This statement is neither a negotiable instrument nor a security, and delivery
of this statement does not itself confer any rights on the recipient.
Nevertheless, it should be kept with your important documents as a record of
your ownership of these securities.
Transfer ownership of your book-entry
warrants at any time by submitting the appropriate warrant transfer
documents to BNY Mellon Shareowner Services.
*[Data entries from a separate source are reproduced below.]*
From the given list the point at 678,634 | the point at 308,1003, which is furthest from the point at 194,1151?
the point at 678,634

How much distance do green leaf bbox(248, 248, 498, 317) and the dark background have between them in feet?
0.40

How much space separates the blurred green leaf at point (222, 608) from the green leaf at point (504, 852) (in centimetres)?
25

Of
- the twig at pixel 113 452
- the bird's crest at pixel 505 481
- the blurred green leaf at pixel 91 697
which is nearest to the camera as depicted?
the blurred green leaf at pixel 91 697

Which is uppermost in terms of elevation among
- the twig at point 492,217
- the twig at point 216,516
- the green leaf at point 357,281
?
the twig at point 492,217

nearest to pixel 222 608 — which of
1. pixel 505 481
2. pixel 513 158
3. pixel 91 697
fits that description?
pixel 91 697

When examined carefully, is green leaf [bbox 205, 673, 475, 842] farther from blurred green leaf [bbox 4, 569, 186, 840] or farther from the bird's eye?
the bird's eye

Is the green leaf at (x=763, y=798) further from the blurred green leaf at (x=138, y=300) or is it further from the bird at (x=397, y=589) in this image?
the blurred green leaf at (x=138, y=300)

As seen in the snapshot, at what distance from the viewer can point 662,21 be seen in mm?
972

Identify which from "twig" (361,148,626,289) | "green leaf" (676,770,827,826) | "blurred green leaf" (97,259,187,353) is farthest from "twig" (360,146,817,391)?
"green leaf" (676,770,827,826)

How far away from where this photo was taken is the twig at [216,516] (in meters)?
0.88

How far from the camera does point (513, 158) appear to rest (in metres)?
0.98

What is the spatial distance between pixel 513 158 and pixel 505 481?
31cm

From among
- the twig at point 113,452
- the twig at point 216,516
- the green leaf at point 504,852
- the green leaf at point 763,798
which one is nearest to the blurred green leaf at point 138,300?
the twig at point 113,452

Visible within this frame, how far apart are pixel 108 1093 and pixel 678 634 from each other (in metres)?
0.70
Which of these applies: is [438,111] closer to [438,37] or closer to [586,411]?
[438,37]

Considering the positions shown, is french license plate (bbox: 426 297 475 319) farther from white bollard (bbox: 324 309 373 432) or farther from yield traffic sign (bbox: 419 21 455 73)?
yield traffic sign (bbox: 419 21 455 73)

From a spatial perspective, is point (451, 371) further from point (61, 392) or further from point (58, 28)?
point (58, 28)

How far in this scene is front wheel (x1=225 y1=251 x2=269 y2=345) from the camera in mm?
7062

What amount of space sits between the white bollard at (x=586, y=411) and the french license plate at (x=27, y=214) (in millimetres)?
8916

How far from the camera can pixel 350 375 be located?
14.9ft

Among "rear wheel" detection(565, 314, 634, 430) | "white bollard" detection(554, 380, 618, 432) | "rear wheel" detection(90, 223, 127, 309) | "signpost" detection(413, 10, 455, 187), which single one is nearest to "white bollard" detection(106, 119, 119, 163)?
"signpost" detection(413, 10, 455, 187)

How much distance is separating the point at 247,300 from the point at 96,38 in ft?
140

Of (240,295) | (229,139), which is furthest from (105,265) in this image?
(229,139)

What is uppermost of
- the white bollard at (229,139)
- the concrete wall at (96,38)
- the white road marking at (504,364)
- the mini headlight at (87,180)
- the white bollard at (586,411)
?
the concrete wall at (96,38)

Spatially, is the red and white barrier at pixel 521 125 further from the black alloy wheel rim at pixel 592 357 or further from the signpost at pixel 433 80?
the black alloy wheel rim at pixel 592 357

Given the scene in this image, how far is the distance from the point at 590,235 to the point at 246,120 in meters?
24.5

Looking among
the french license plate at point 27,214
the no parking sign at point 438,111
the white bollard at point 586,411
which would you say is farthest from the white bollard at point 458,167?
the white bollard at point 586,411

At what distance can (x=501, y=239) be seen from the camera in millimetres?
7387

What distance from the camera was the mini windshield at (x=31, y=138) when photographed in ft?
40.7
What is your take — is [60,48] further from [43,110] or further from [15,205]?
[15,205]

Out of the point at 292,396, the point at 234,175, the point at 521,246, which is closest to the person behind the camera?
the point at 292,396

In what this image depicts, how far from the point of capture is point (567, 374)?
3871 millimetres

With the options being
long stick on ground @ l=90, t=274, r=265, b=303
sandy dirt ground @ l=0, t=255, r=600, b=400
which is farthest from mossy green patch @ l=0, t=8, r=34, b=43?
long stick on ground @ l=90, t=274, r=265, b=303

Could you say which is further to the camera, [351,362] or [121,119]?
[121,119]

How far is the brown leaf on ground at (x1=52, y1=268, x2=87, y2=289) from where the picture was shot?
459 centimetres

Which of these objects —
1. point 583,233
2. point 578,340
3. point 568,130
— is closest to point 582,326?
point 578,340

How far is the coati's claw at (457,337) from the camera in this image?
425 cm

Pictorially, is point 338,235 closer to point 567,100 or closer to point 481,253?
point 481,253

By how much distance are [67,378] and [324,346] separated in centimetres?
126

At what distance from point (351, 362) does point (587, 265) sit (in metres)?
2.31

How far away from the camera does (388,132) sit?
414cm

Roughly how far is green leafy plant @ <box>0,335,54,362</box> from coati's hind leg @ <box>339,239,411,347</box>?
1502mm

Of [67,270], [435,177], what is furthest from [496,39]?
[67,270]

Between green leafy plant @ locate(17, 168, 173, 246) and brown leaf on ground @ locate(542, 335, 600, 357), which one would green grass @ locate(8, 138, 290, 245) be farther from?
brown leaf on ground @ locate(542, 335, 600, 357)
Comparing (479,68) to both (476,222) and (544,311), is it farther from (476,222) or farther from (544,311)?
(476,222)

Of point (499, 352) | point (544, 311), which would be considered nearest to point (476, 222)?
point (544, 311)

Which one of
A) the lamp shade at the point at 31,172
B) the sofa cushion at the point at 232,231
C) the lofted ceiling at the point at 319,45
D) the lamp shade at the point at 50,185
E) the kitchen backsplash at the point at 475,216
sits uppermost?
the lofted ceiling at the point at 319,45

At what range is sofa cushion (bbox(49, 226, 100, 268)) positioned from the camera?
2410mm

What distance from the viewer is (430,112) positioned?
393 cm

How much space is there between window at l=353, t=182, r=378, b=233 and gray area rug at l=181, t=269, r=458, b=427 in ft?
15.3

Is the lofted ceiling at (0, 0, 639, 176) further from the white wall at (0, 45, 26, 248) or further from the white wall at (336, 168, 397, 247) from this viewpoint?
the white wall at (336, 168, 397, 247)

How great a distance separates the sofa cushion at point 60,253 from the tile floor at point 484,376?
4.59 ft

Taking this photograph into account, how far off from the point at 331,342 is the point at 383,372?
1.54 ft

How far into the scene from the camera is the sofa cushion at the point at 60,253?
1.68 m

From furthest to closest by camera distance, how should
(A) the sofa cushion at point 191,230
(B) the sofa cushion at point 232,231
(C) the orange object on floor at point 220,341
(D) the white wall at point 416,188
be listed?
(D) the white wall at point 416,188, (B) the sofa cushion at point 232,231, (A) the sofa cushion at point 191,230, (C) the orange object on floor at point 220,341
Visit Mellon’s Investor
ServiceDirect online at xxx.xxxxxxxxx.xxx/xxxxxxxxxx/xxx,
or call 0-000-000-0000 to obtain transfer documents.
Transfer of your book-entry warrants
to your broker can be accomplished in one of two ways:
(1)
The fastest and easiest way - provide your broker with your Account Key at BNY
Mellon Shareowner Services, your Taxpayer Identification Number (TIN) and your
account registration information, and request that your broker initiate an
electronic transfer of your warrants, or
(2) Obtain
a “Broker-Dealer Authorization Form” by visiting xxx.xxxxxxxxx.xxx/xxxxxxxxxx/xxx,
or by calling 0-000-000-0000.
To sell any or all of your book-entry
warrants in your account at BNY Mellon Shareowner Services, visit xxx.xxxxxxxxx.xxx/xxxxxxxxxx/xxx,
phone toll free 0-000-000-0000 or simply check the appropriate “sell” box, sign
and date the attached sales coupon and mail it in the envelope
provided. By conducting a sale through this program, you agree that
this constitutes immediate enrollment in the program. Any sales of
book-entry shares are subject to Mellon’s Terms and Conditions.
The
Warrant Agreement, dated November 30, 2009 (the “Warrant Agreement”), between
Charter Communications, Inc. (the “Company”) and BNY Mellon Shareowner Services
LLC, as Warrant Agent (the “Warrant Agent”), is incorporated by reference into
and made a part of this statement and this statement is qualified in its
entirety by reference to the Warrant Agreement. A copy of the Warrant Agreement
may be inspected at the Warrant Agent’s office 000 Xxxxxxxxxx Xxxx, Xxxxxx Xxxx,
XX 00000, and is also available on the Company’s website at xxx.xxxxxxx.xxx. All
capitalized terms used but not defined herein shall have the meanings assigned
to them in the Warrant Agreement.
Book-Entry
Warrants may be exercised to purchase Warrant Shares from the Company from the
Effective Date through 5:00 p.m. New York City time on November 30, 2016 (the
“Expiration Date”), at an initial exercise price of $19.80 per whole share (as the
same may be adjusted pursuant to Article V of the Warrant Agreement, the
“Exercise Price”) multiplied by the number of Warrant Shares set forth
above. The Exercise Price and the number of Warrant Shares
purchasable upon exercise of the Warrants are subject to adjustment upon the
occurrence of certain events as set forth in the Warrant
Agreement. Subject to the terms and conditions set forth in the
Warrant Agreement, each Holder of a Book-Entry Warrant may exercise such
Book-Entry Warrant, in whole or from time to time in part, by: (1)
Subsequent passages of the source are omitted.